Cheston also made an appeal for the Old Bailey to "return to the days when all the most important trials were heard here".

He said: "It is a matter of great frustration that important cases are sent off to outside courts and TV cameras are camped outside Southwark, Inner London and even – God help us – Isleworth, when the great judges here are hearing comparative trivia.

"I have nothing against other courts but the only Old Bailey has the full weight and majesty of the law. It is the most famous court in the world and that should be reflected in the trials that take place here."

Cheston's career at the Standard has seen him covering courts from Truro in Cornwall to France and Germany.

He said the biggest cases he has worked on were: two involving Jeffrey Archer – one in 1987 when he was working for the London Daily News and a perjury trial in 2001 – the trial of Rosemary West in Winchester, the James Bulger trial in Preston and the Soham murders case at the Old Bailey.

Asked how his newspaper has changed in his time, Cheston said: "The Evening Standard has changed almost beyond recognition.

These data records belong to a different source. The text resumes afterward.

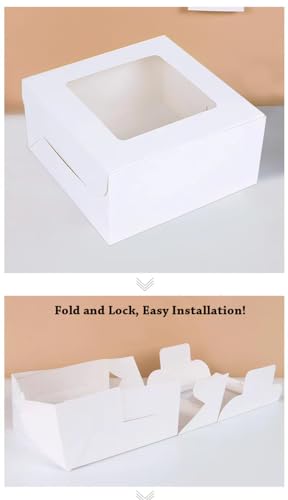 Packpal PALWCAKEBOX10X10X5-5-US 10 Inch Cake Boxes With Cake Boards 5Pack thumb #2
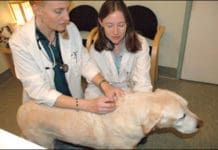 Pet health insurance can help you manage critical and emergency care for your dog.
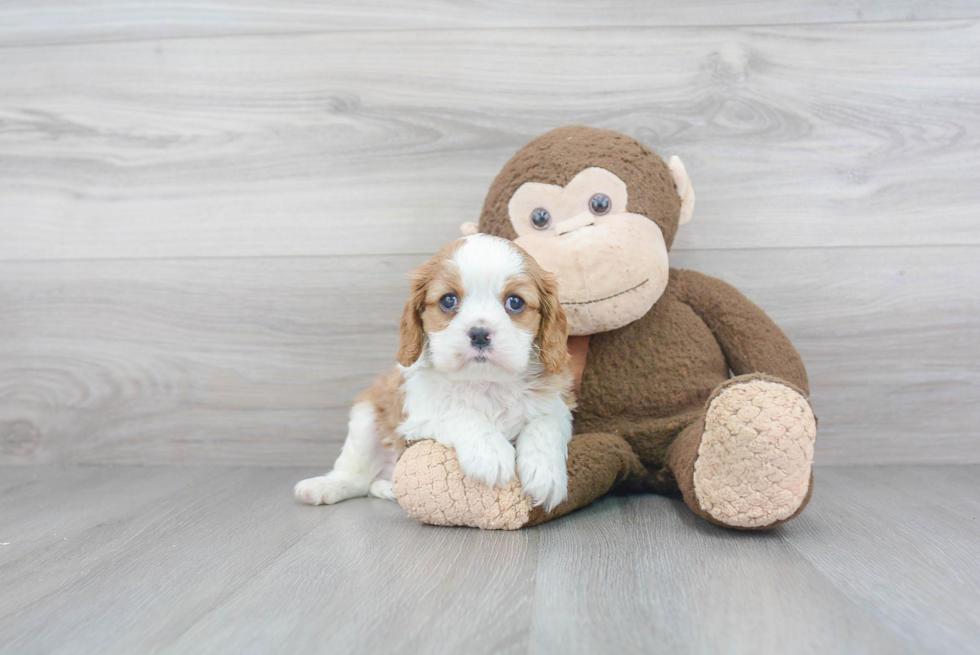 Cavalier King Charles Spaniel Pup Being Cute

"When I started there were five editions and the deadlines ran through the afternoon. And of course we were printed on hot metal and based in the old Daily Express building in Fleet Street."

He added: "When the Lebedev family bought the paper.. Geordie Greig [the then editor] it was his idea to take it freesheet, which saved it from massive losses to now making a profit.

"But as a freesheet the deadlines came forward – it was one edition and one slip. Deadlines are very tricky for a live court reporter when court doesn't really start till 10.30.

"So the nature of reporting for the Standard has changed completely. But, having said that, the paper was saved and it's a healthy product now, and still a good product."